* TASK
Please transcribe every record below exactly, leaving out the pictures.

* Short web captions

»»

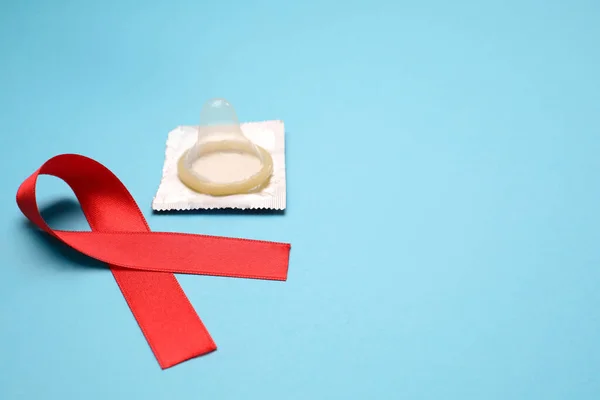 빨간색 리본과 콘돔이 파란색 배경에 텍스트를 공간에 있습니다 Aids 질병에 — 스톡 사진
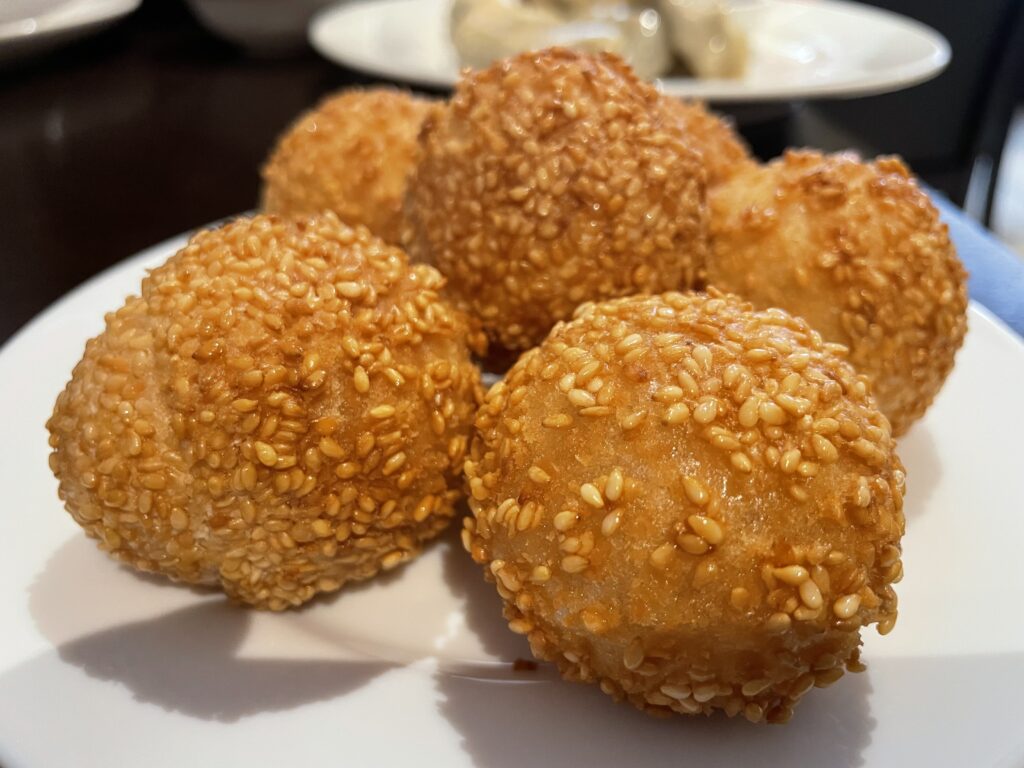 Sesame balls filled with red bean paste on a plate.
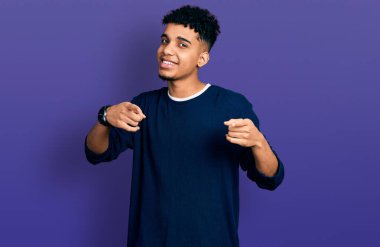 Sıradan kıyafetler giymiş genç Afro-Amerikalı adam mutlu ve komik yüzüyle kamerayı işaret ediyor. iyi enerji ve titreşimler. 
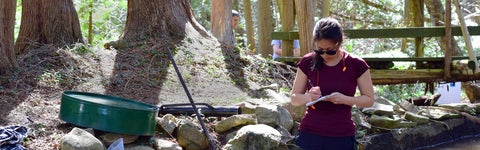 Student writing in notebook while standing in shallow stream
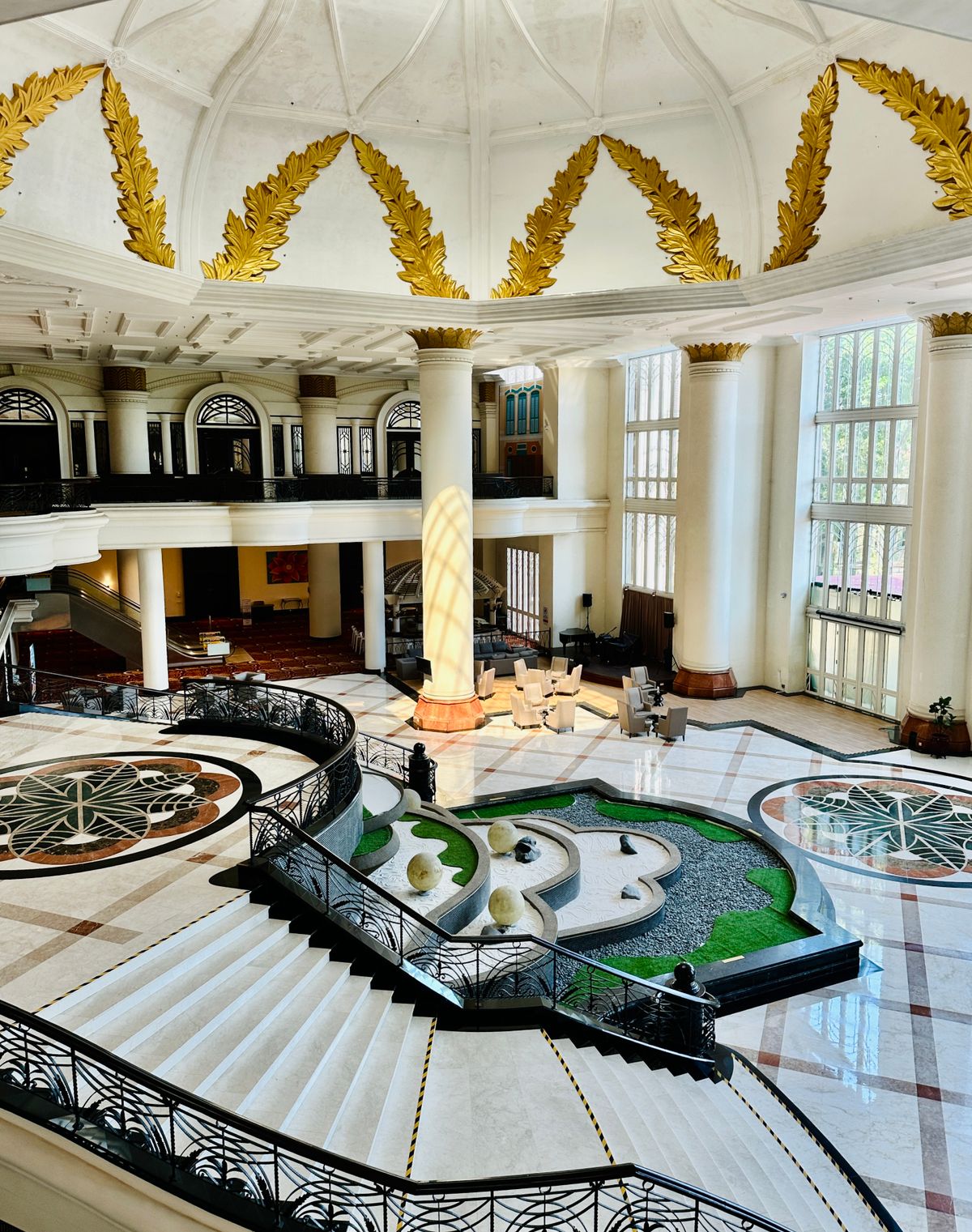 Luxury hotel interior with grand staircase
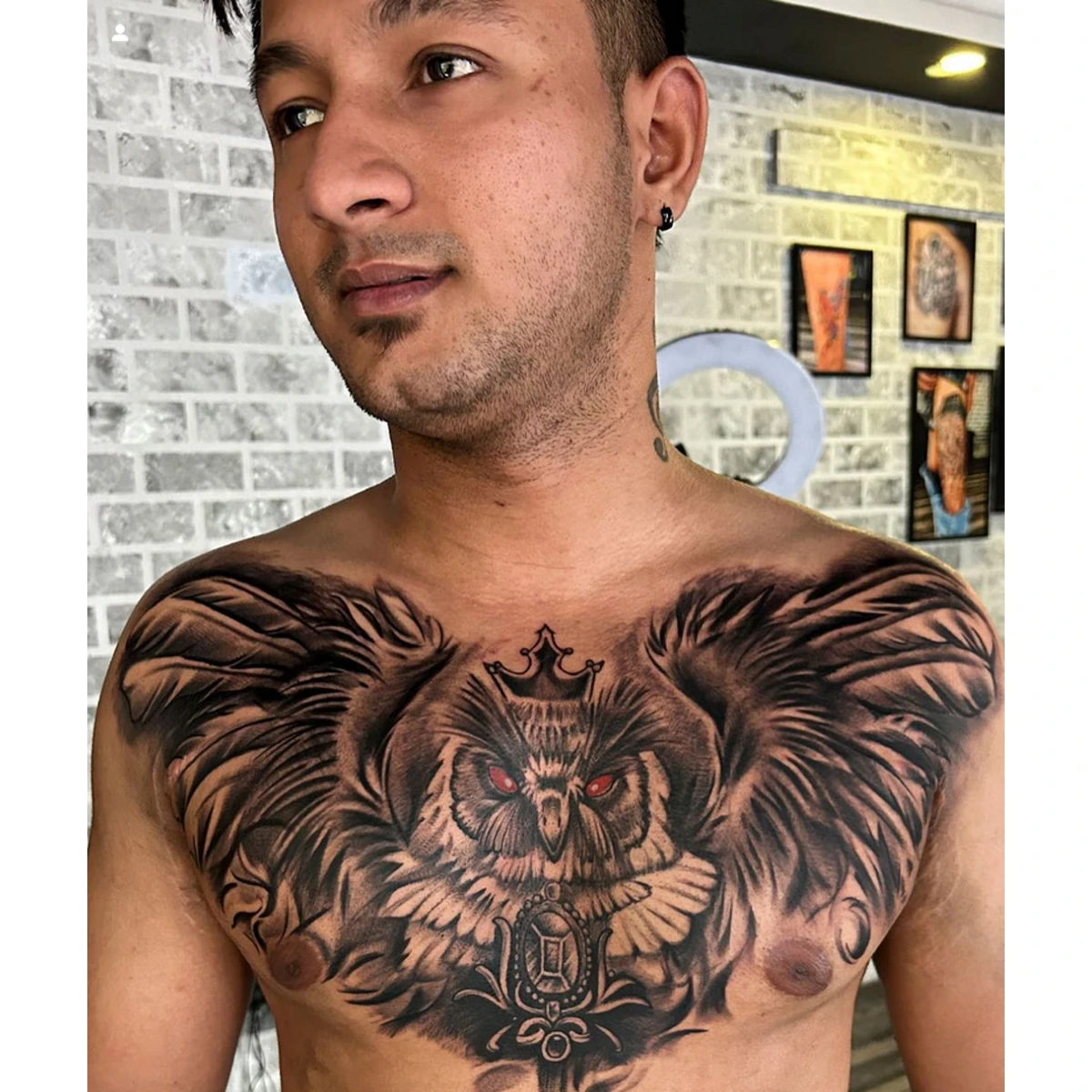 Owl Tattoo on Man's Chest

««

* EXERCISE RESPONSE
 빨간색 리본과 콘돔이 파란색 배경에 텍스트를 공간에 있습니다 Aids 질병에 — 스톡 사진
 Sesame balls filled with red bean paste on a plate.
 Sıradan kıyafetler giymiş genç Afro-Amerikalı adam mutlu ve komik yüzüyle kamerayı işaret ediyor. iyi enerji ve titreşimler. 
 Student writing in notebook while standing in shallow stream
 Luxury hotel interior with grand staircase
 Owl Tattoo on Man's Chest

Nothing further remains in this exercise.